Cette première responsabilité ministérielle ouvre une longue carrière au service de l’État. Moussa Kargougou occupe par la suite plusieurs fonctions importantes, notamment celles de vice-président du Conseil de gouvernement et ministre de l’Intérieur, ainsi que de ministre de la Justice, ministre de l'éducation nationale et ministre des des Affaires étrangères. Il est également député à l’Assemblée nationale et devient le premier maire élu de Kaya, sa ville natale. À travers ces différentes responsabilités, il participe aux premières étapes de la construction institutionnelle de la Haute-Volta et s’impose comme l’un des acteurs de la vie publique de son époque.
Mais au-delà des titres et des fonctions, l'homme reste profondément attaché au monde rural et aux populations les plus vulnérables. Homme politique de terrain, il accorde une attention particulière aux paysans, aux femmes et aux personnes sans voix. Candidat indépendant en 1970 et en 1978, il bénéficie de la confiance des électeurs de sa région et est élu à l’Assemblée nationale. En 1978, sous la bannière de l’Union nationale des Indépendants, il choisit pour slogan « Le paysan au travail », une formule qui résume une partie de sa vision politique et de son attachement au développement du monde rural. Son parcours est également marqué par une volonté constante de combattre l’injustice et de défendre ceux dont la voix était souvent la moins audible.
Moussa Kargougou traverse ainsi plusieurs périodes de l’histoire politique de la Haute-Volta. Malgré les changements de contexte et les évolutions de la vie politique, ses proches retiennent de lui un homme constant dans ses convictions et dans ses engagements. Son parcours illustre celui d’une génération de Voltaïques qui, après avoir été formée dans les institutions scolaires de l’époque coloniale, a choisi de mettre son savoir et son expérience au service de la construction du pays.
Il s’éteint le 17 août 1997, à l’âge de 71 ans. À Kaya, sa ville natale, sa mémoire demeure notamment à travers le Lycée provincial Moussa Kargougou, qui porte aujourd’hui son nom. Son parcours a également été retracé dans un ouvrage par Dr Poussy Sawadogo, intitulé "Moussa Kargougou, « le petit boucher de Kaya », une vie consacrée à la nation voltaïque et burkinabè."

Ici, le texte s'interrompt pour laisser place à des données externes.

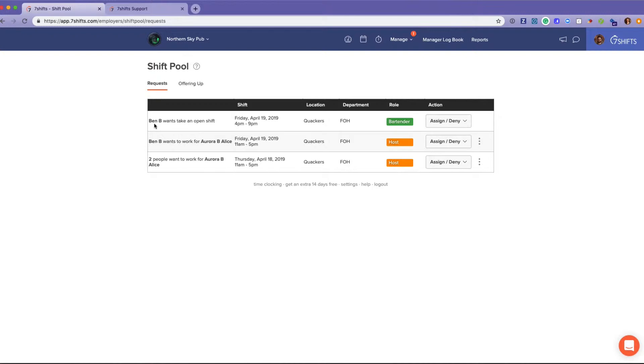You can see here Ben wants to take an open shift. I'll show you open shifts on the schedule once I get there, but open shifts are something that you can create and publish as a manager or as an admin.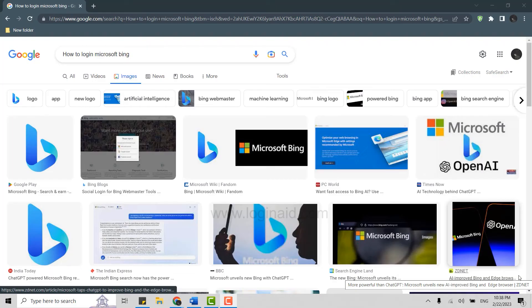Hello everyone, welcome back to the Logging Aid channel. Today, for this video of Logging Aid, I will be showing you how you can login into the Microsoft Bing.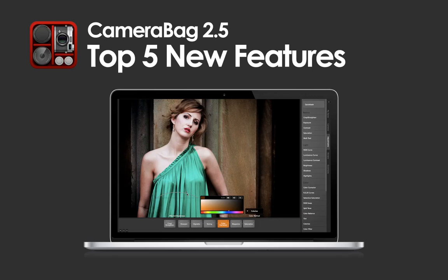Hi, this is Tom from Nevercenter and I'm excited to show you five of the best new additions in the upcoming release of CameraBag 2.5, our award-winning desktop photo editor for Mac and PC. Version 2.5 will be a free upgrade to all current CameraBag 2 desktop users.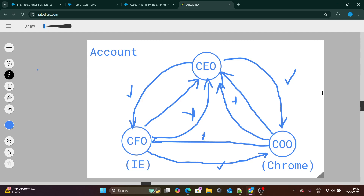So in that case, sharing rules come very much in handy. CEO should be able to see the records of CFO and COO. CFO and COO should not be able to see the record of CEO. COO should not be able to see the record of CFO, but CFO should be able to see the record of COO.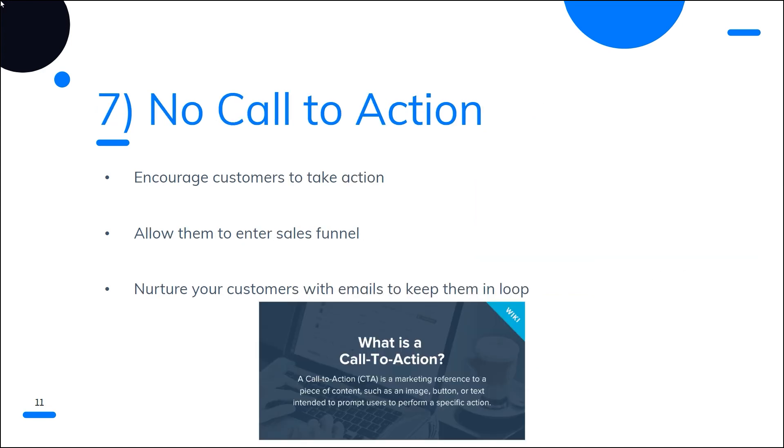Number seven is a huge mistake people make, which is having no call to action. Customers should be encouraged to interact with your brand in some way through your emails. Lead your consumers and customers to take a specific action whether it's completing a purchase or signing up for a free webinar. A clear call to action will allow your prospects to move through the customer journey and sales funnel.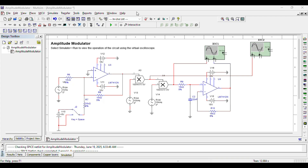The last video I made was on harmonic decomposition. This particular video is going to be all about amplitude modulation. We're going to look at the circuit that is generating amplitude modulation, and at the same time it is also demodulating — both in the same circuit.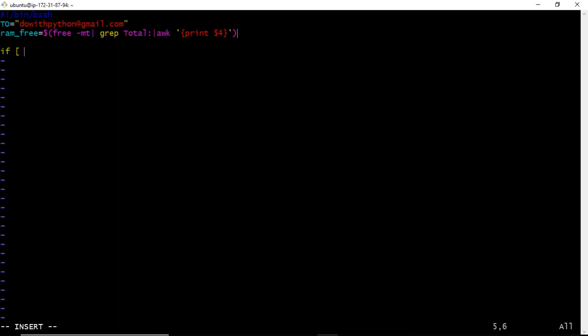I'll use an if condition: if RAM_free is less than or equal to 700. This is in terms of MB because I'm using the -m flag. If you want to check in GB, you would use -g and change the threshold accordingly.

L’histoire de Moussa Kargougou est finalement celle d’un enfant de Kaya que l’école a conduit jusqu’aux responsabilités nationales. Le « petit boucher » qui vendait des brochettes est devenu instituteur, inspecteur, ministre, député et premier maire élu de sa ville. Une trajectoire qui rappelle qu’avant d’être un homme d’État, Moussa Kargougou fut d’abord un homme façonné par le travail, l’éducation et la volonté de servir les siens.
NB : Moussa KARGOUGOU est le père de l'actuel ministre de la santé, le camarade Robert Lucien Jean-Claude KARGOUGOU.